Creper Chimone February 05, 2013 at 04:59 PM
I do attend the meetings I can when not working, sometimes these meetings are not at convenient times. also the meetings are not posted in the spanish language newspapers. i disagree with you when you say nothing happens here that goes unannounced.
frank robert February 05, 2013 at 06:30 PM
You would know about the York Vision Plan meetings if you went to the Neighborhood Council. You would know about the Neighborhood Council if you went to the York Vision Plan meetings. ChickenFanBoy, "If you don't try to look for the local news, don't complain." ... This perspective is so cynical and void of social nuance. It's not like people refuse to be politically empowered because they think it's yucky. You're essentially saying that the it's totally cool that the political status quo alienates people (and that's only one aspect). And I guess it's cool that those people just happen to be poor people of color? That's not meant to be a rhetorical question. It seems that it's at least some of the heart of the discourse around Highland Park. Nimby pimp, "Creper seems to be fashioning himself as a heroic defender of the downtrodden natives against the rapacious white hipster invaders. Simple-minded, predictable and a little pathetic." ... Can you elaborate on why Creper's supposed position is "Simple-minded" and "pathetic"? My initial response is that your comment is insensitive and verging on racist. But, I think you drastically simplified what you call the "heroic" perspective. And maybe the racist elements that I'm reading are a result of your simplification and maybe that's not what you meant or how you meant to say it.
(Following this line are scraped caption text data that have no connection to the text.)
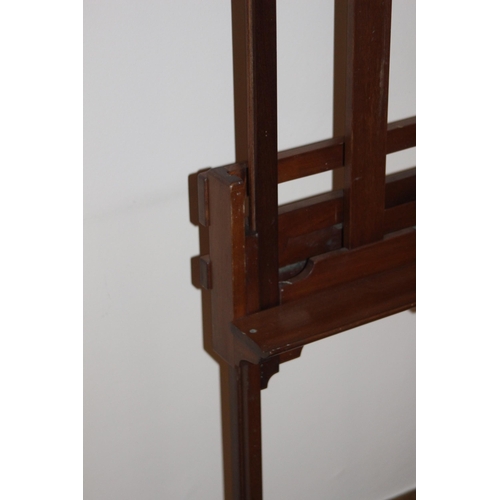 446 - VINTAGE ARTIST EASEL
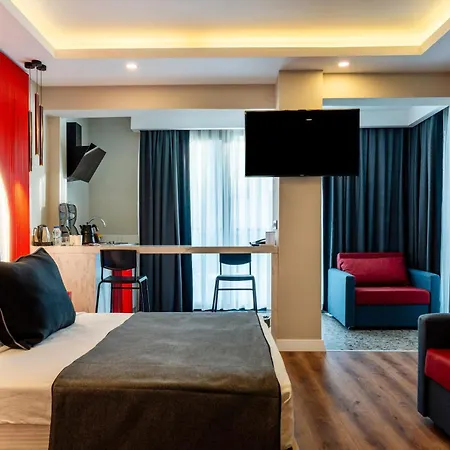 Hotell Lucky Monkey Midi Antalya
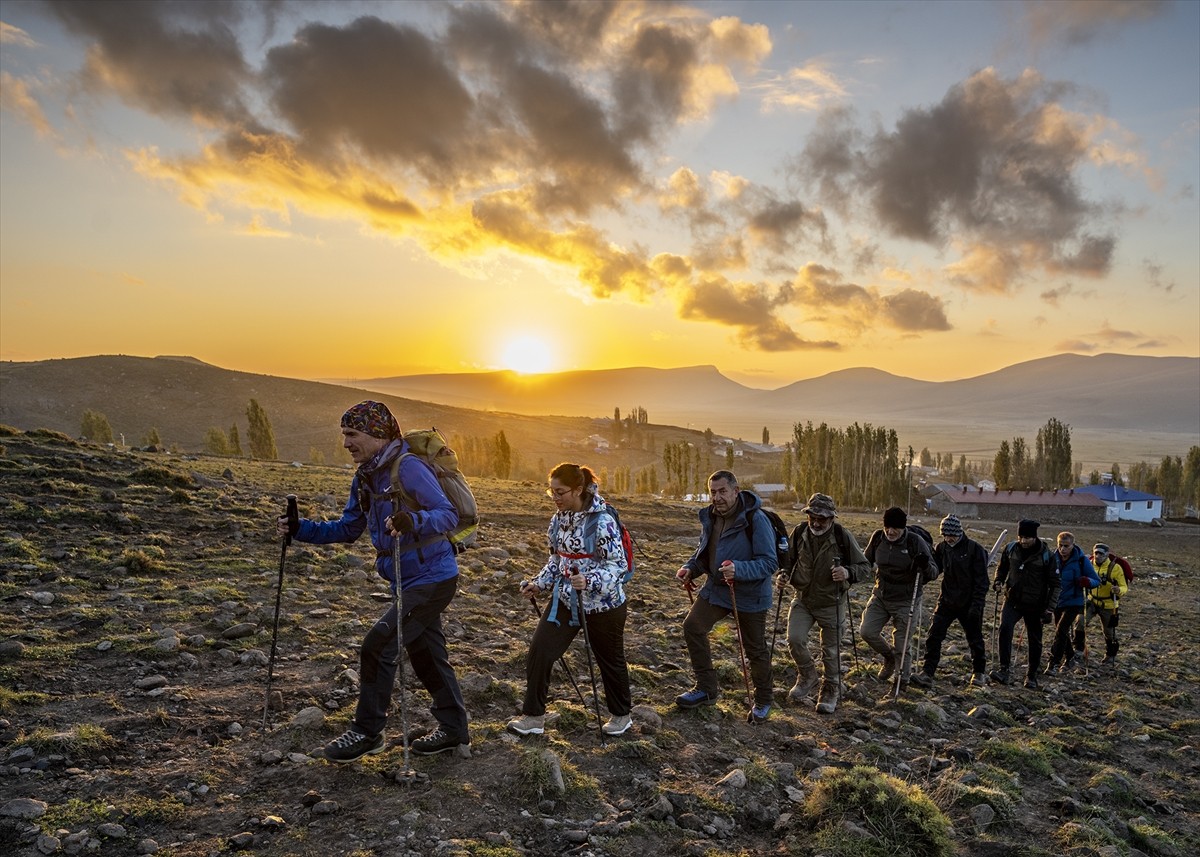 Kars Dağcılık ve Doğa Sporları Arama Kurtarma Derneği (KARSDAK) üyeleri, Sarıkamış'ın düşman...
Michael Higby February 05, 2013 at 06:45 PM
That's the problem, many community "leaders" think outreach is pasting a flyer at Vons or putting something up on Facebook. They don't understand the way people get information and how ineffective these passive methods of communication can be - as well as in a multi-cultural community where different cultures receive information differently. The City provides an albeit meager but still somewhat decent budget for outreach to Neighborhood Councils. The NCs could spend this money more wisely on means to get the word out - however they scrimp on the outreach and spend the bulk of their money on "projects" and donations to community causes while, well meaning, are not really appropriate nor effective outreach efforts.
frank robert February 05, 2013 at 06:56 PM
Michael, While I agree that the means of outreach insufficient, I find it harder and harder to blame organizers. It's true that they shouldn't be so naive to think they are adequately reaching the community. But to a certain extent, these are the cards they're dealt, so know? It's the political infrastructure first and foremost that is ineffective. Idk, man. I have mixed feelings.
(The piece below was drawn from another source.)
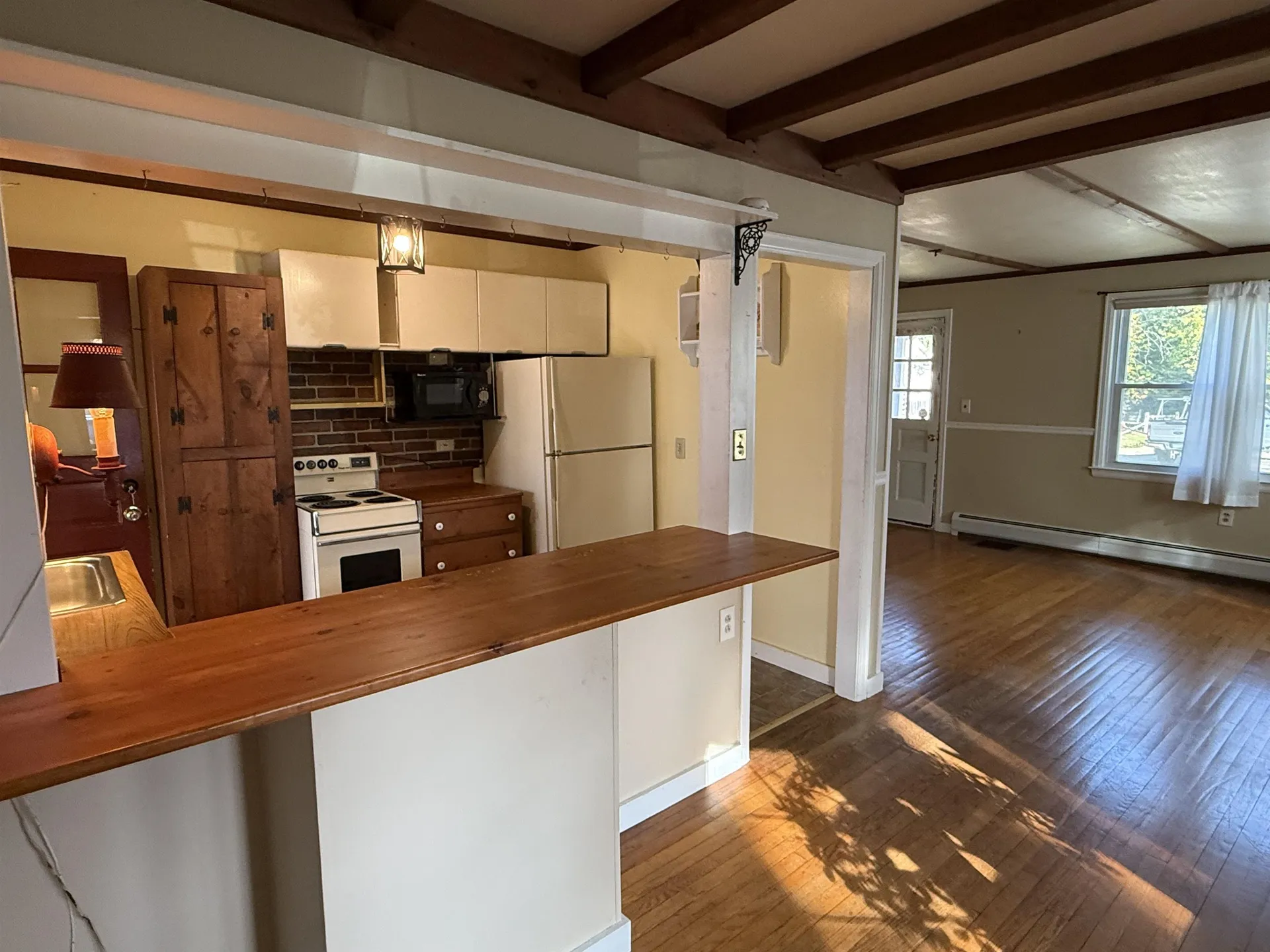 64 Bond Street Manchester VT 05255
Michael Higby February 05, 2013 at 07:31 PM
Frank, indeed it is a symptom of the structure. And part of that is many of the organizers get too cozy with the structure as they get addicted to back-slaps and attaboys from politicians. They need to prioritize if they truly want to outreach and work to get better cards. A $30, 40K PR budget is not a bad thing. But they waste it. And to make it worse, many of these organizers have their own agendas which do not jive with what's best for the community. Thus, they often spend their time bullying anyone with an opposing view. Too many neighborhood activists have been told by there "strong(men/women)" to STFU when they raise a valid point.
frank robert February 05, 2013 at 08:27 PM
"many of these organizers have their own agendas which do not jive with what's best for the community." While I don't know any of the folks who worked on the parklet project, nor do I know their motivations outside of what's been reported by David, I take your point. It's a very important point.
carol van beek February 06, 2013 at 04:08 AM
I think it could more appropriately be called a street porch. If it was a park it would come under the jurisdiction of Rec and Parks.